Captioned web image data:
- - - -
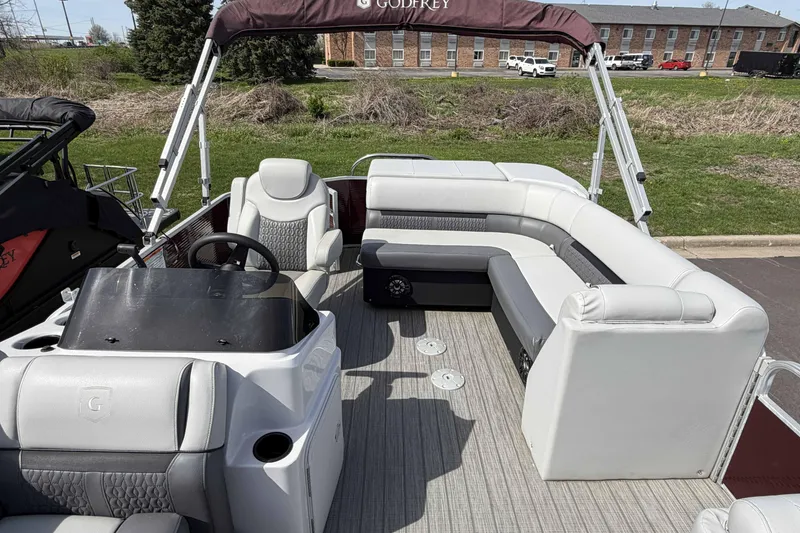 Slide: The Image of 2022 Godfrey Sweetwater 2286 C pontoon boat with spacious seating and modern design. - 12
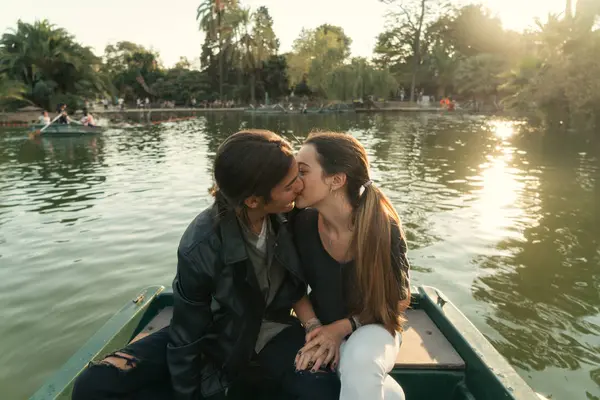 坐在小船和亲吻在公园湖的年轻夫妇的前面看法 — 图库照片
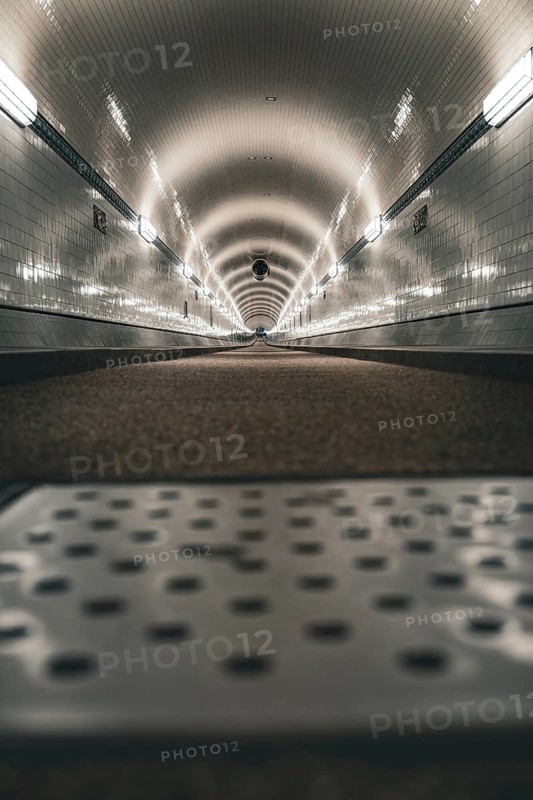 Long, illuminated tunnel with tiled walls from the ground perspective, old Elbe tunnel, Hamburg, Germany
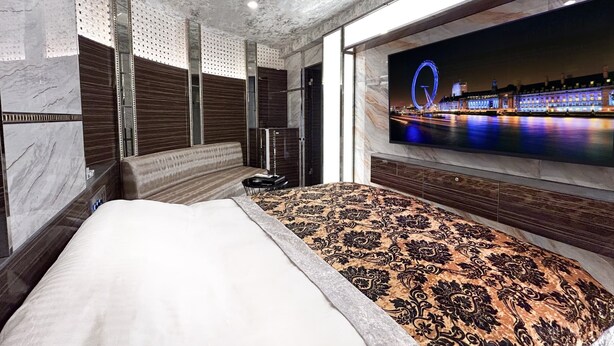 A modern hotel room with a large bed, a television displaying a cityscape, and a view of a Ferris wheel. - hotel CenturyANNEX (Chiba)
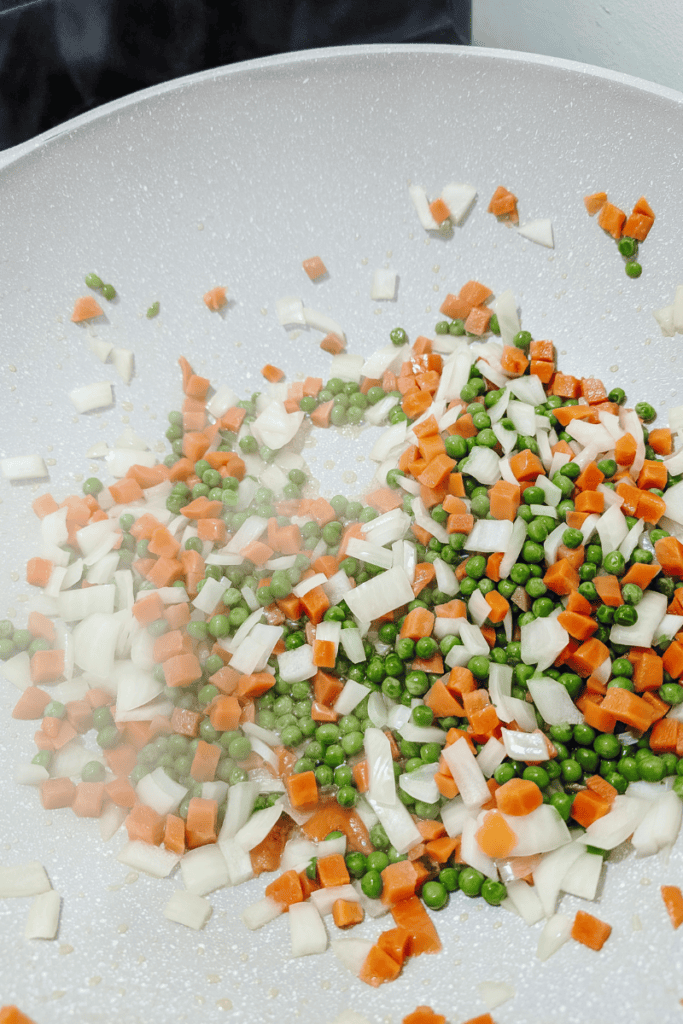 Stir-fried shrimp, rice, eggs, carrots, and peas in a wok for easy weeknight dinner.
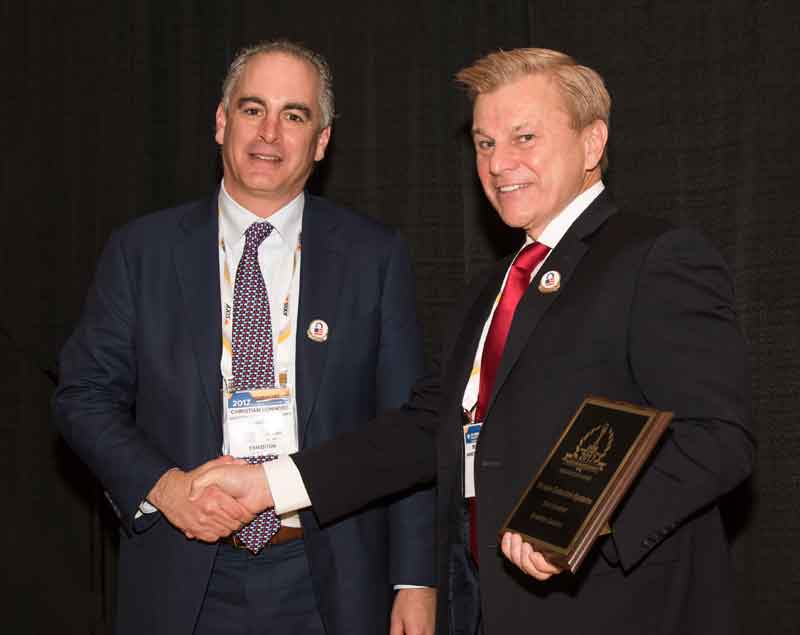 Christian Connors, SDS CEO accepting the company's 2017 'ASTORS' Award from Mike Madsen, AST Publisher, at ISC East.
- - - -
**WHAT THE TASK REQUIRES:**
Repeat the data exactly, excluding the pictures.

**ANSWER FOR THIS EXERCISE:**
 Slide: The Image of 2022 Godfrey Sweetwater 2286 C pontoon boat with spacious seating and modern design. - 12
 坐在小船和亲吻在公园湖的年轻夫妇的前面看法 — 图库照片
 Long, illuminated tunnel with tiled walls from the ground perspective, old Elbe tunnel, Hamburg, Germany
 A modern hotel room with a large bed, a television displaying a cityscape, and a view of a Ferris wheel. - hotel CenturyANNEX (Chiba)
 Stir-fried shrimp, rice, eggs, carrots, and peas in a wok for easy weeknight dinner.
 Christian Connors, SDS CEO accepting the company's 2017 'ASTORS' Award from Mike Madsen, AST Publisher, at ISC East.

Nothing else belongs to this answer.